Laughing At Trump

Didja hear what happened at the NATO meeting? Soyboys Macron and Trudeau laughed at Trump when he was out of the room. SNL even did a skit on it. These two little girls couldn’t carry Trump’s jockstrap.

Macron is married to his mother. Trump is married to a super model.

Meanwhile transportation workers in France are on strike in protest of his pension reform proposal. That doesn’t even count the Yellow Vests that are still protesting his economic policies. And this mama’s boy is laughing at Trump?

The Trump boom continues. We have 3.5 percent unemployment, a record stock market, and the best economy in 50 years. Trump should be laughing at you and he prolly is.

Pansy Trudeu has nothing to laugh about. Canada just lost over 70,000 jobs. The US just added 266,000 jobs. What are you laughing about Pansy? Once again, Trump should be laughing at you and he prolly is.

These two soyboys remind me of high school girls laughing behind the back of the homecoming queen. They are both failures as world leaders. Why Canada reelected Trudeau is beyond me. I guess they enjoy failing.

While they are giggling in the high school cafeteria, Trump is making America great again. We are now the biggest energy producer in the world thanks to fracking. Trump is making NATO countries pay their fair share in defense spending. Trump is winning the trade war with China.

Giggle away little girls. Trump is laughing at you.

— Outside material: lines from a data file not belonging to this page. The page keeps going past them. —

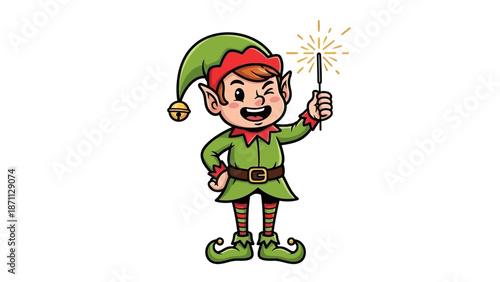 Cute Cartoon Elf Holding a Sparkler with a Festive Wink and a Merry Smile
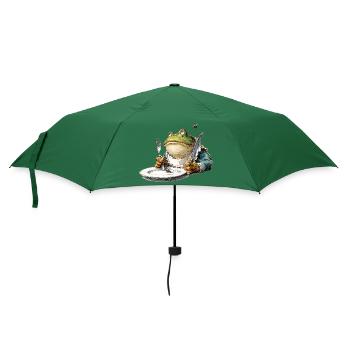 Frosch am Tisch mit Besteck - Regenschirm (klein) - Flaschengrün - Vorne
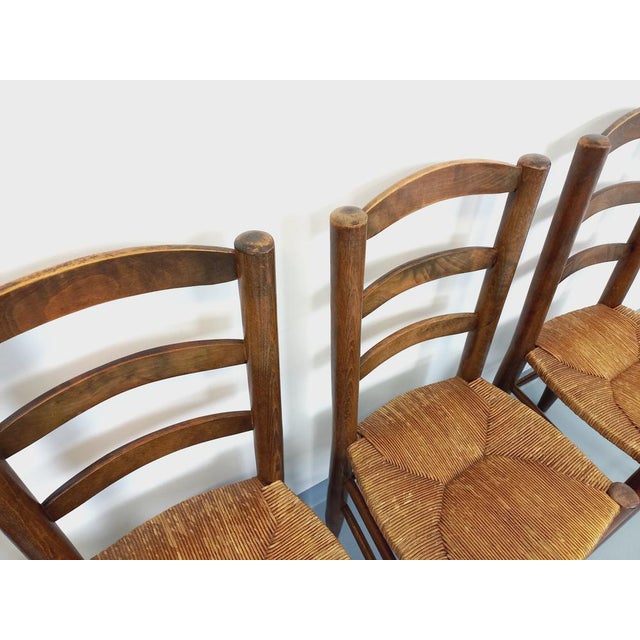 Vintage Brutalist Wooden and Straw Chairs, 1960s, Set of 4 For Sale - Image 11 of 18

11 comments on “Laughing At Trump

  1. It’s been raining here all day so I’ve been watching the mind-numbing ‘peach-mint hearings. Some crazy lady from FLA said Trump’s actions were an attempt at starting a dictatorship! Holy TDS!

    Off-topic but seasonal. Didja know the snowflakes have determined Santa is gender-less? For real. Jolly old bearded hermaphrodite.

  2. Once President Trump gets the Obamunist and Clintonista policies one, we can start looking at our reserves off the coast of Mexifornia and in the ANWR.
    Right now we are exporting energy. We should be looking at storing it and screw the rest of the world.
    We should also be looking at permitting a whole bunch of clean coal facilities. revise the standards for the older ones that Barry the Indonesian shuttered, and get them back on line.
    Didja hear about the protesters in Hooksett N.H.? Police arrested a bunch of them who were attempting to block the tracks leading to the Merrimack Station power plant. They should have just let the train run and oops to any who were playing in traffic. As an energy conservation measure, they can e-mail the Darwin awards to the next of kin.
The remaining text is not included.